◆ **REQUIRED WORK**: None of the images should appear in your copy. Transcribe the data in full.
*** MATERIALS PROVIDED Section Begins ***
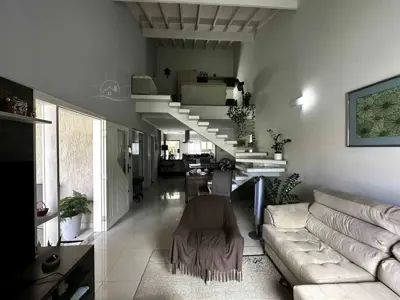 Casa - Sobrado com 3 quartos (sendo 3 suite(s)) a 200,00 metros praia.
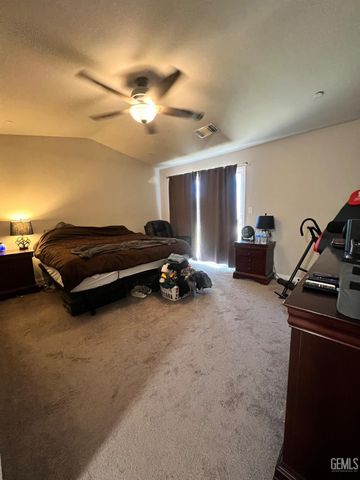 9103 Midnight Creek Way, Bakersfield, CA 93311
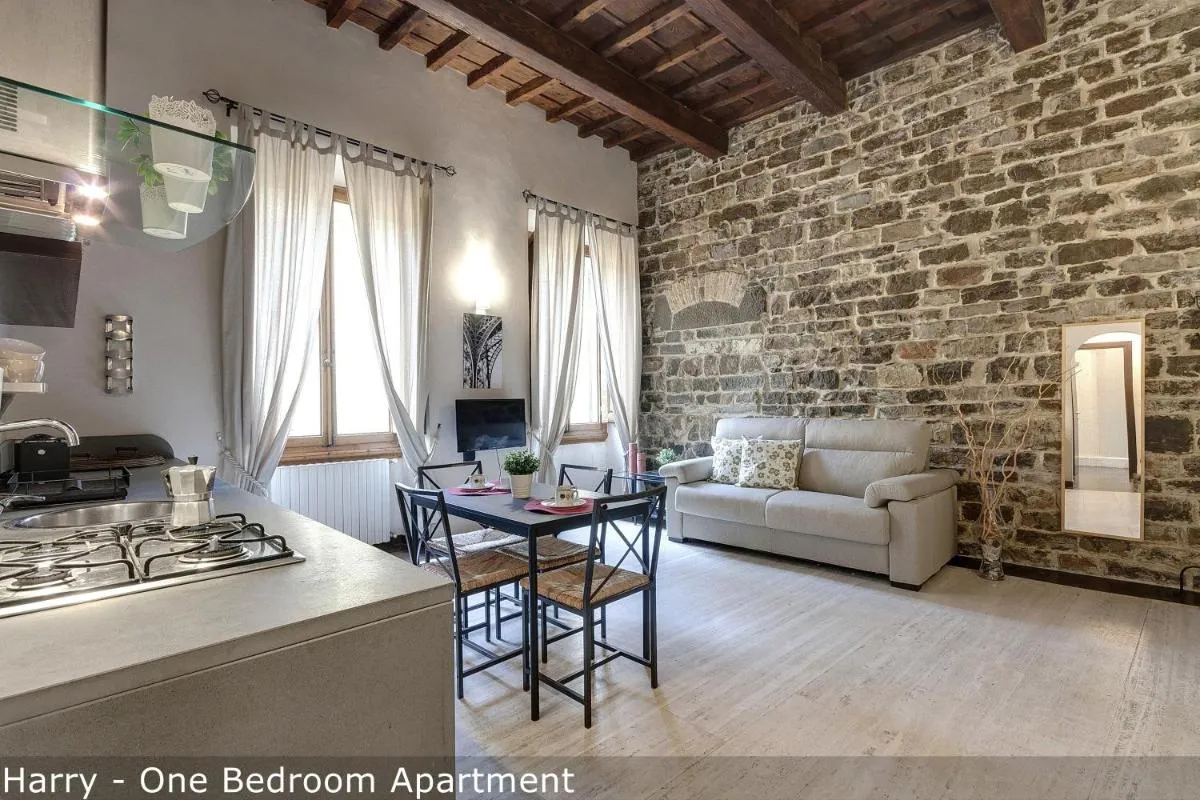 Image 6 of Mamo Florence – Calzaiuoli Apartments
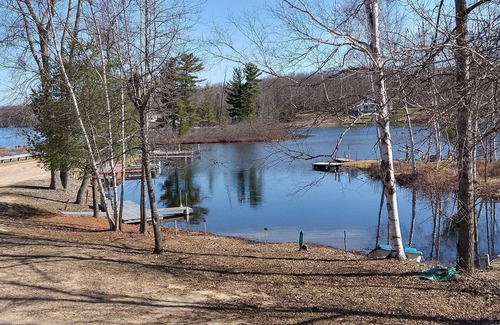 Harrison Cabaña | 20Lakes Cozy cottage Lake community with Private Beaches State land & Orv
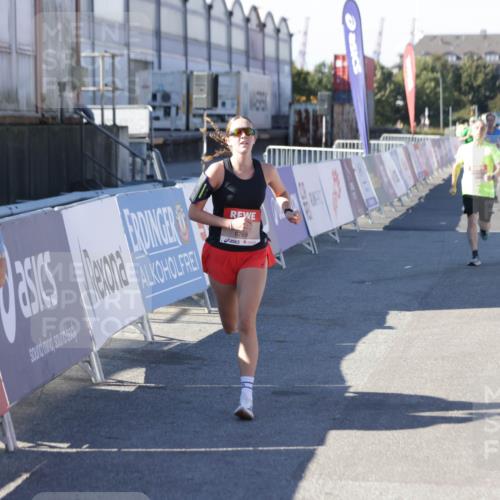 03.10.2025 - Köhlbrandbrückenlauf Jannik Wohlers http://msf.ph/oto/9099101 03.10.2025 12:56:34 Ziel 4054, 4096, 4166, 4170, 4231, 4478, 6266, 6408, 6769 meine-sportfotos.de
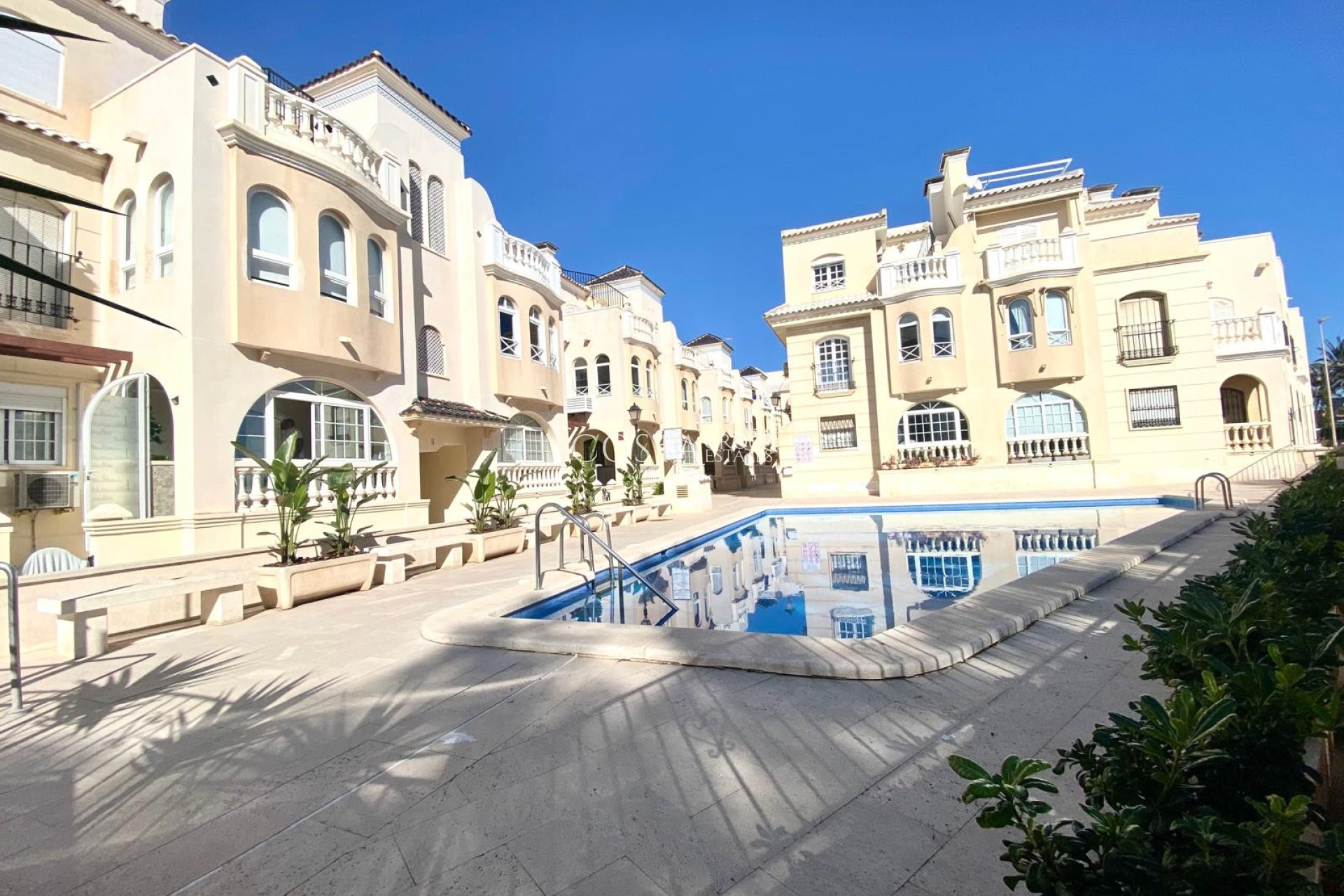 Odsprzedaż - Apartament -
Torrevieja - Playa Los Locos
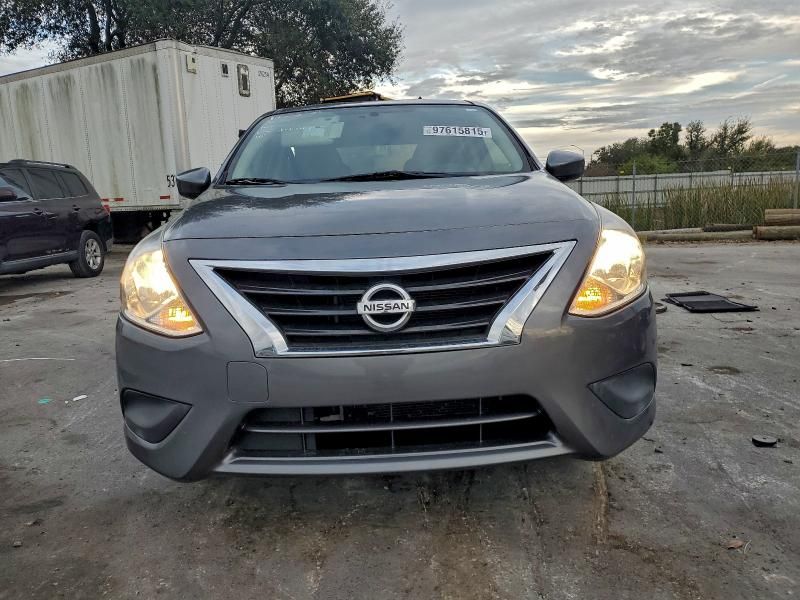 2019 Nissan Versa s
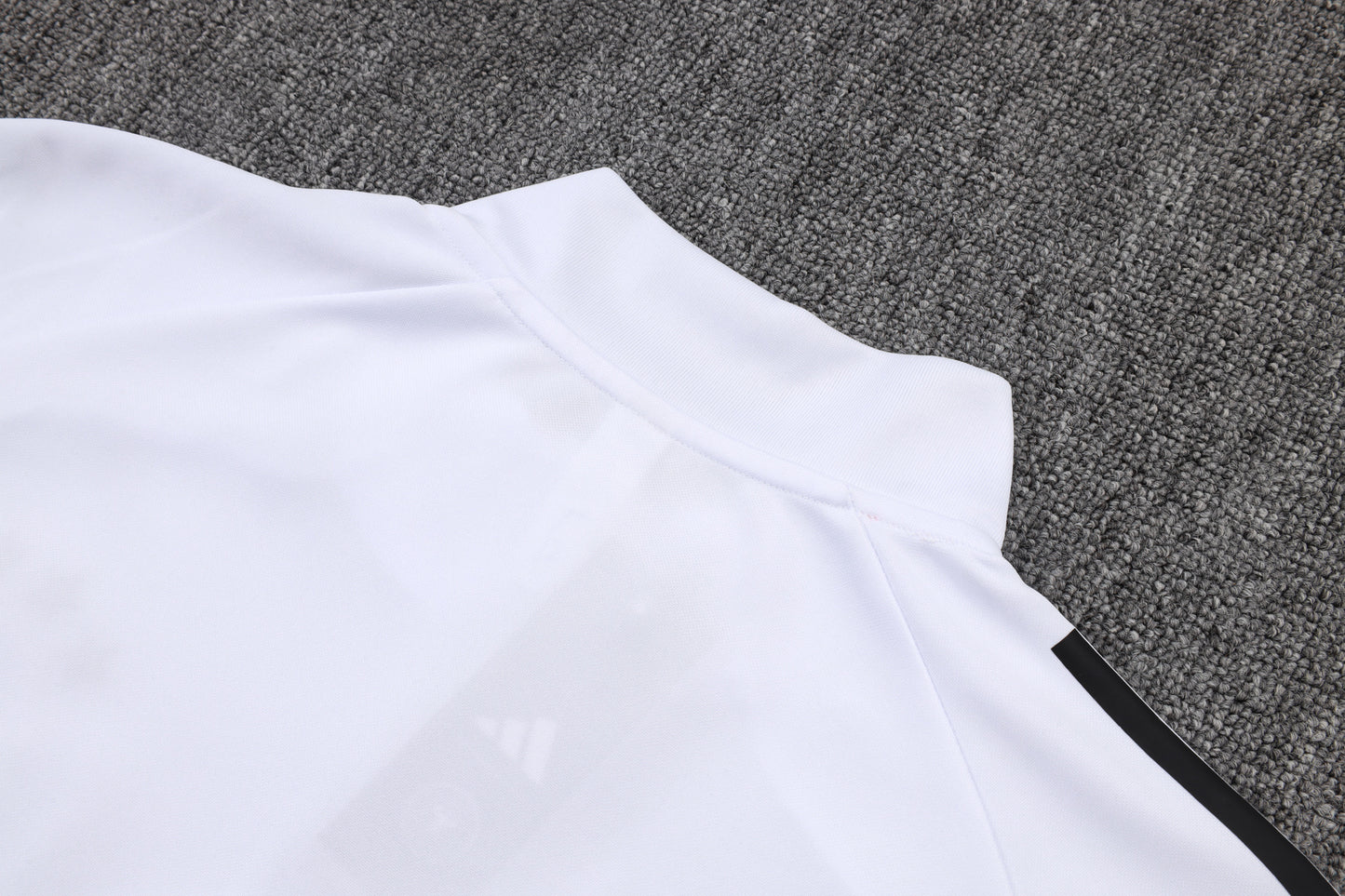 Conjunto de entrenamiento rojo del Barcelona 2024-25 (tallas S-2XL)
*** MATERIALS PROVIDED Section Ends ***
◆ **ANSWER BOX**:
 Casa - Sobrado com 3 quartos (sendo 3 suite(s)) a 200,00 metros praia.
 9103 Midnight Creek Way, Bakersfield, CA 93311
 Image 6 of Mamo Florence – Calzaiuoli Apartments
 Harrison Cabaña | 20Lakes Cozy cottage Lake community with Private Beaches State land & Orv
 03.10.2025 - Köhlbrandbrückenlauf Jannik Wohlers http://msf.ph/oto/9099101 03.10.2025 12:56:34 Ziel 4054, 4096, 4166, 4170, 4231, 4478, 6266, 6408, 6769 meine-sportfotos.de
 Odsprzedaż - Apartament -
Torrevieja - Playa Los Locos
 2019 Nissan Versa s
 Conjunto de entrenamiento rojo del Barcelona 2024-25 (tallas S-2XL)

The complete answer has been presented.